» What the exercise asks: Go to the line holding "Institution of the" in the data below and repeat it exactly, then each line after it up to and including the one holding "Used Wuling Hongguang". Omit pictures.

Short text fragments from websites
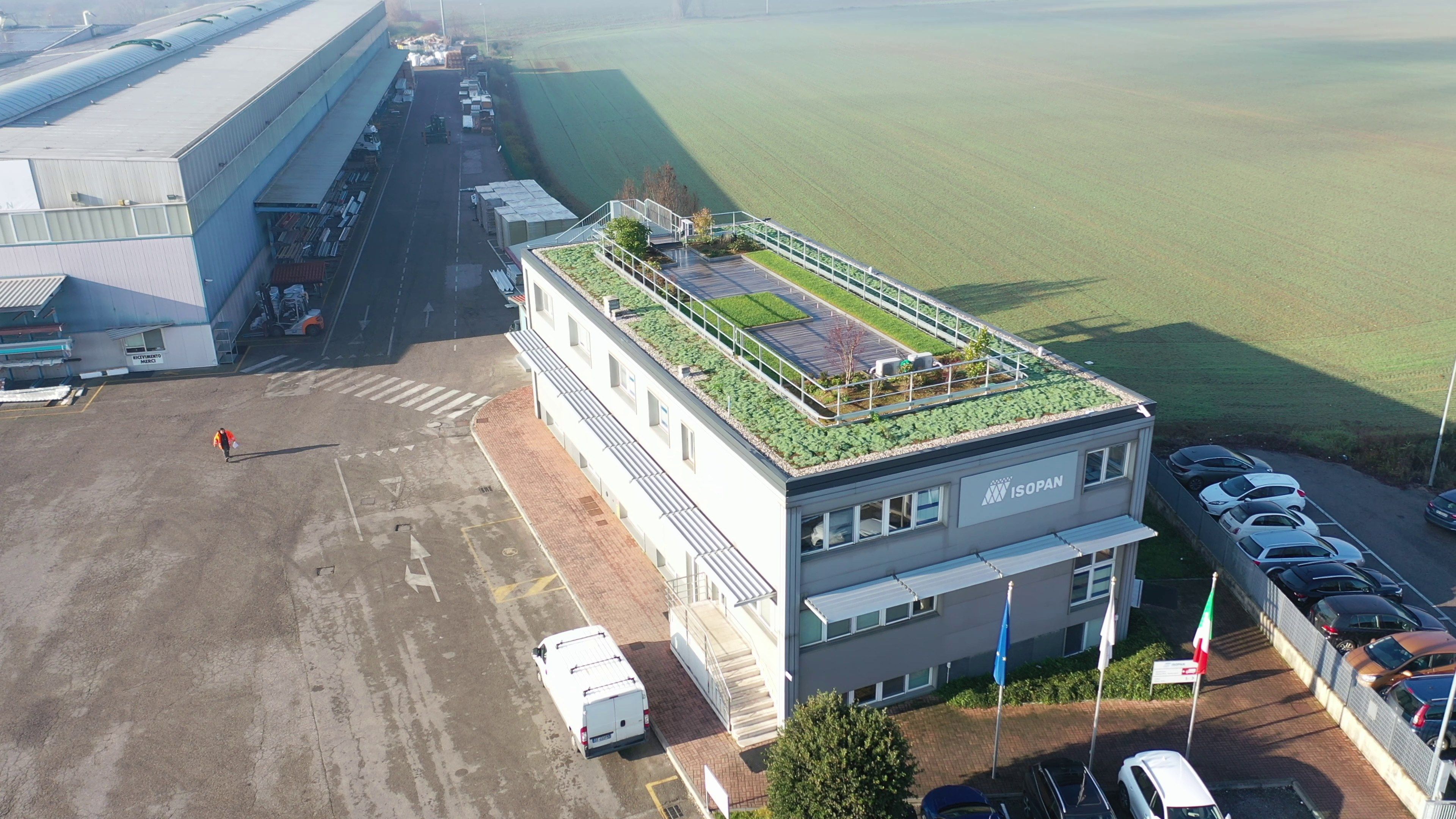 Система крыши сада RENOLIT ALKORPLAN RENOLIT ALKORPLAN Green ARCH-00043728 - Вид №3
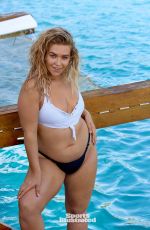KATE WASLEY in Sports Illustrated Swimsuit 2018 Issue
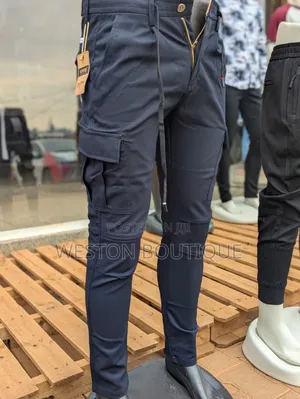 Usk Men's Straight Cargo Pants Size 30 to 40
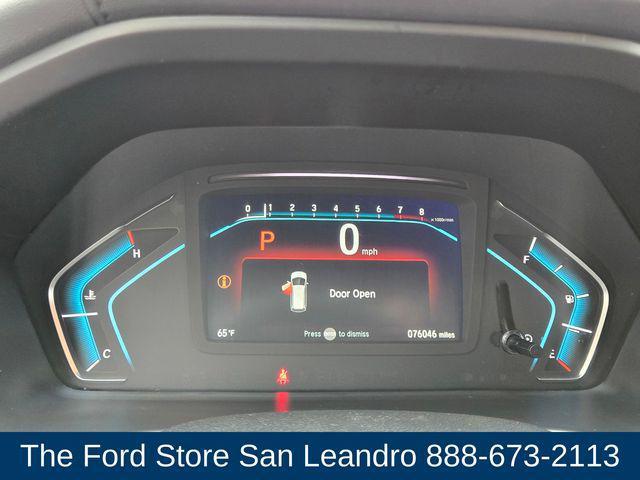 Photo of 2019 Burgn Honda Odyssey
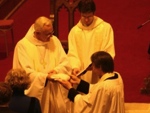 Institution of the Revd Canon Patrick Lawrence in Monkstown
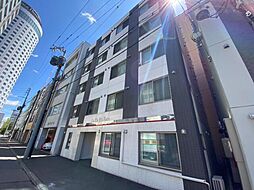 札幌市営東西線 西11丁目駅 徒歩6分の賃貸マンション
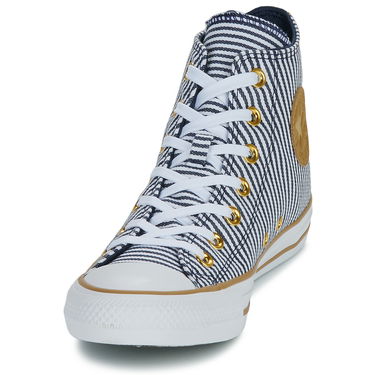 Tenisky a topánky Converse Shoes (High-top Trainers) CHUCK TAYLOR ALL STAR Šedá | A07232C, 3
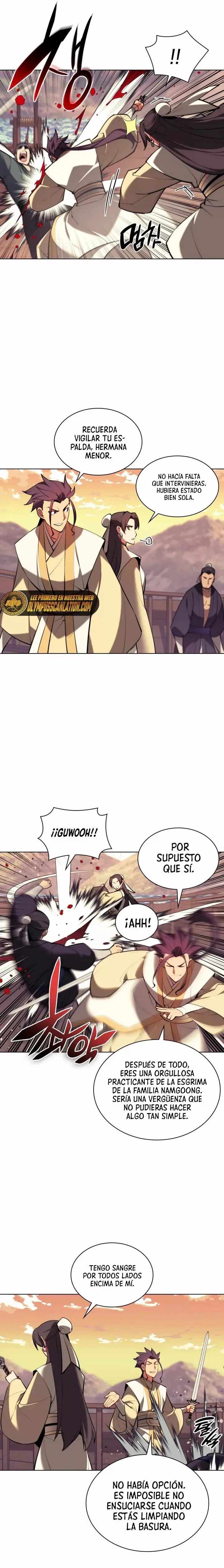 Records of the Swordsman Scholar capítulo 38, página 27
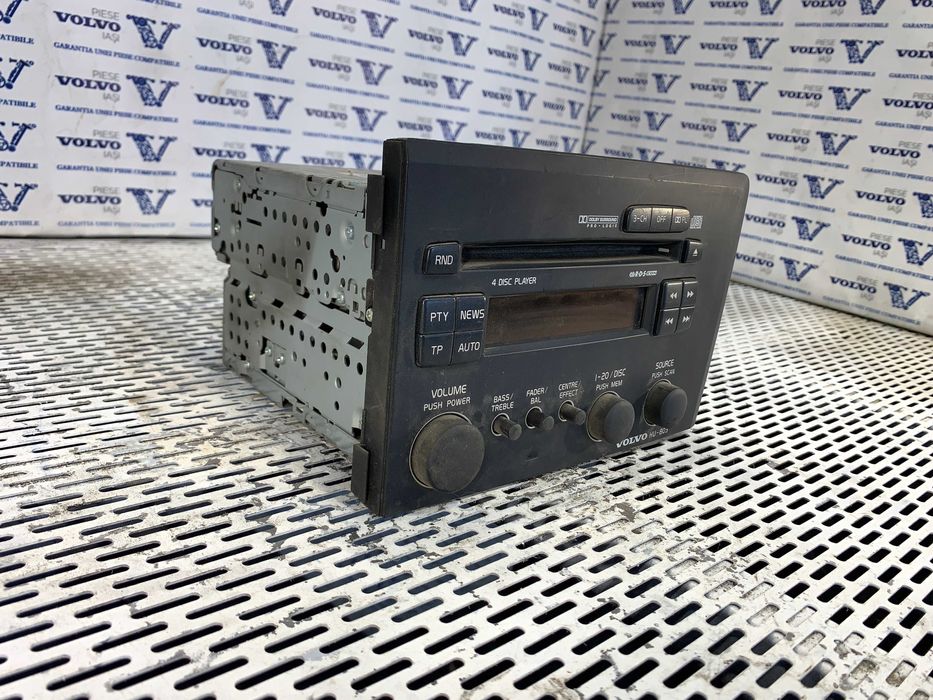 Unitate radio Volvo S60-V70 2004  30657638 HU-803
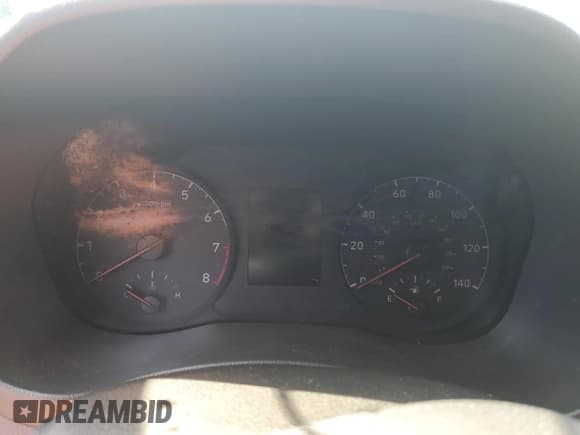 ✅ 2020 Hyundai Accent SE • VIN: 3KPC24A60LE095835 • Лот: 76011374. Опубликован ранее на Copart с пробегом Не указан. Бесплатный доступ к архиву аукционных продаж из США и подробный отчёт об истории автомобиля на DreamBid. Изображение 9.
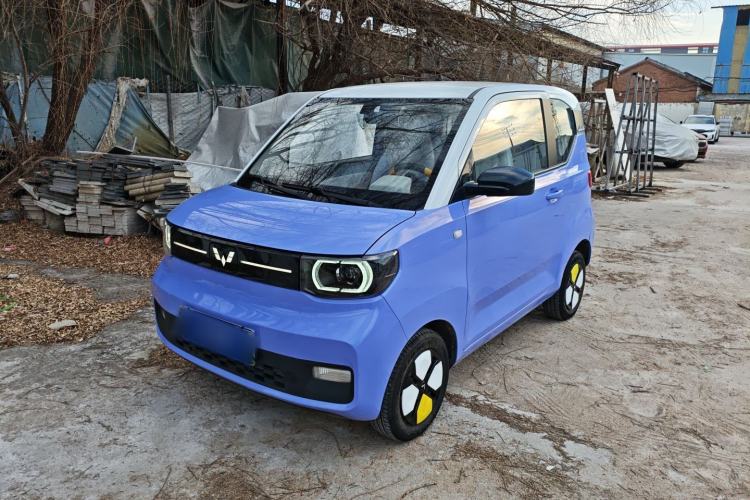 Used Wuling Hongguang MINIEV 2022 Macaron Colorful Edition Lithium Iron Phosphate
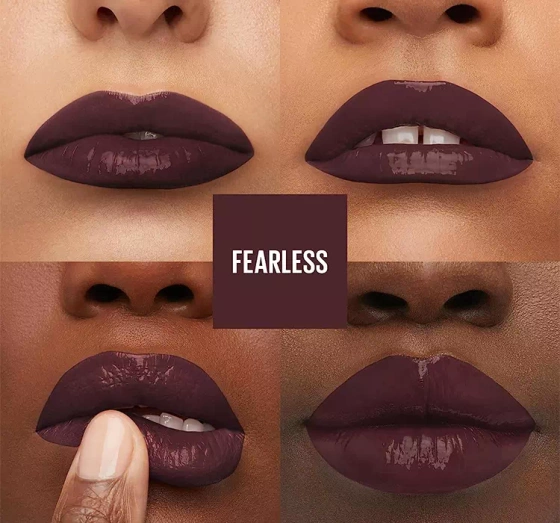 Maybelline Superstay Vinyl Ink winylowa pomadka do ust 135 Fearless 4,2 ml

» Result below:
 Institution of the Revd Canon Patrick Lawrence in Monkstown
 札幌市営東西線 西11丁目駅 徒歩6分の賃貸マンション
 Tenisky a topánky Converse Shoes (High-top Trainers) CHUCK TAYLOR ALL STAR Šedá | A07232C, 3
 Records of the Swordsman Scholar capítulo 38, página 27
 Unitate radio Volvo S60-V70 2004  30657638 HU-803
 ✅ 2020 Hyundai Accent SE • VIN: 3KPC24A60LE095835 • Лот: 76011374. Опубликован ранее на Copart с пробегом Не указан. Бесплатный доступ к архиву аукционных продаж из США и подробный отчёт об истории автомобиля на DreamBid. Изображение 9.
 Used Wuling Hongguang MINIEV 2022 Macaron Colorful Edition Lithium Iron Phosphate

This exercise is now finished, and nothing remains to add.